──────── ENTRIES SUPPLIED ────────

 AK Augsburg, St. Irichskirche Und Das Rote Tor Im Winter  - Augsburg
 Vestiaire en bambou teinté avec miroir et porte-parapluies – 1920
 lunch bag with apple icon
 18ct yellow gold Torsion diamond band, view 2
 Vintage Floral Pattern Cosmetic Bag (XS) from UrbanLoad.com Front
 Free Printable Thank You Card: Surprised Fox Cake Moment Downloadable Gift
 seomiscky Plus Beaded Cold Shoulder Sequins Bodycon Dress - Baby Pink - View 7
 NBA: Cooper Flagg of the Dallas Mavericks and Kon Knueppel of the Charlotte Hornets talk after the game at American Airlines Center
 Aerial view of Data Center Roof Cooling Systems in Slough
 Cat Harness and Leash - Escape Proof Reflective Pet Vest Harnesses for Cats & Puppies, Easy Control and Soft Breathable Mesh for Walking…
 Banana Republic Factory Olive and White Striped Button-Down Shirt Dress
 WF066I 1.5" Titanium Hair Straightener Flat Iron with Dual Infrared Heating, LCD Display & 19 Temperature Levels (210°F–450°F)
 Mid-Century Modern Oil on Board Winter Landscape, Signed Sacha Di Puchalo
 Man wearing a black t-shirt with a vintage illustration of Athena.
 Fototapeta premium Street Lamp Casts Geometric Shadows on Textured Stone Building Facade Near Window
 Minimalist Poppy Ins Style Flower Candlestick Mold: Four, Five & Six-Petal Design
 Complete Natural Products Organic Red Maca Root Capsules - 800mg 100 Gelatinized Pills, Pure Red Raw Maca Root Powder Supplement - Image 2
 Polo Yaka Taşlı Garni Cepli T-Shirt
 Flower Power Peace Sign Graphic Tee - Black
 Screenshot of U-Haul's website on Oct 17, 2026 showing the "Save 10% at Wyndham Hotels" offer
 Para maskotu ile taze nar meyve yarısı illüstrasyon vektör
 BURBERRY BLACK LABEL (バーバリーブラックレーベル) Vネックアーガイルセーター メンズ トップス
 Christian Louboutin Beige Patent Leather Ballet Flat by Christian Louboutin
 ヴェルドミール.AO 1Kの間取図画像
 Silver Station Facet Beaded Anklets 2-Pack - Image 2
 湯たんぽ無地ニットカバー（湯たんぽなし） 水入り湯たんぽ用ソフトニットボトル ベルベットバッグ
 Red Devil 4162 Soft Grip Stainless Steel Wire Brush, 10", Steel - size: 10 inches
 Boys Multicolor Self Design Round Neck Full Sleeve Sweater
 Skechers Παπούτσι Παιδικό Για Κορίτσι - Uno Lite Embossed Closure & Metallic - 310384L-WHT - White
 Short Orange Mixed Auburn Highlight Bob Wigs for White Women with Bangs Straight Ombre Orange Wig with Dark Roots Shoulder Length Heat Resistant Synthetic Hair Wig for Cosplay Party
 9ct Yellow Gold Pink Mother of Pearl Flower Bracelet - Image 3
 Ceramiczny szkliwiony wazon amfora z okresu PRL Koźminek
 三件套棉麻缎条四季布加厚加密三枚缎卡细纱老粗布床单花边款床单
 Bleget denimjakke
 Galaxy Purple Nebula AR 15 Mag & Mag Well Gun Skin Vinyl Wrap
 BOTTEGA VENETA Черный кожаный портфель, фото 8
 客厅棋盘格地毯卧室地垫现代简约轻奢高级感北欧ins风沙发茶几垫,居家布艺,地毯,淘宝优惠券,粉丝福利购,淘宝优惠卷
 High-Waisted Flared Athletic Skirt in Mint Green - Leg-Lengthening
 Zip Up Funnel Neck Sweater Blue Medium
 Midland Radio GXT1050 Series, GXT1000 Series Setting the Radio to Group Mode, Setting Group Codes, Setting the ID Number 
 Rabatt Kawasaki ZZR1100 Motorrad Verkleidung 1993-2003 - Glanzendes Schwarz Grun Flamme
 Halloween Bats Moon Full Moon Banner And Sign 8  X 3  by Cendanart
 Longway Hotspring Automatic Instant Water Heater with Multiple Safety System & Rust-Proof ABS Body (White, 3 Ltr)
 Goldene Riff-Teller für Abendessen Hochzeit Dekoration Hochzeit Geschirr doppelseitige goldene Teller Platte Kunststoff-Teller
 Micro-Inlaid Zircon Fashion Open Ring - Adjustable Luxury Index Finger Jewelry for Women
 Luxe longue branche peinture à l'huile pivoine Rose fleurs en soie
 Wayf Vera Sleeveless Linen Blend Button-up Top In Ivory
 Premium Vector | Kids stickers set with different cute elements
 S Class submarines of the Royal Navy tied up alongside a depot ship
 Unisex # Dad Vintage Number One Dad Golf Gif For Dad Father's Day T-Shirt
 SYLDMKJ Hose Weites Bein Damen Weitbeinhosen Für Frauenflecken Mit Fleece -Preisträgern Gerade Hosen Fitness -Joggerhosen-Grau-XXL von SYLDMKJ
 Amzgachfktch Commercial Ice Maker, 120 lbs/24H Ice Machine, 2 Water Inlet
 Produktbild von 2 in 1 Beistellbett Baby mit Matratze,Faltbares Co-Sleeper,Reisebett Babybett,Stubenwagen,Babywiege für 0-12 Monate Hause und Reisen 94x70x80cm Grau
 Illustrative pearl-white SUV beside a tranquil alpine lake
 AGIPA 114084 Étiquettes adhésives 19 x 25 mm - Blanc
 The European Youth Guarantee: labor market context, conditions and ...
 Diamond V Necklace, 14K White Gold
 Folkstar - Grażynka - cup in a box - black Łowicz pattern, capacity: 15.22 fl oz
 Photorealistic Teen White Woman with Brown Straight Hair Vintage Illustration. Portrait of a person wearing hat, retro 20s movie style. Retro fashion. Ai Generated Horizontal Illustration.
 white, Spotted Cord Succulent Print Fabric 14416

────────

*INSTRUCTIONS FOR THE TASK*: Give only how many lines above hold "Soft".

*RESULT*: 2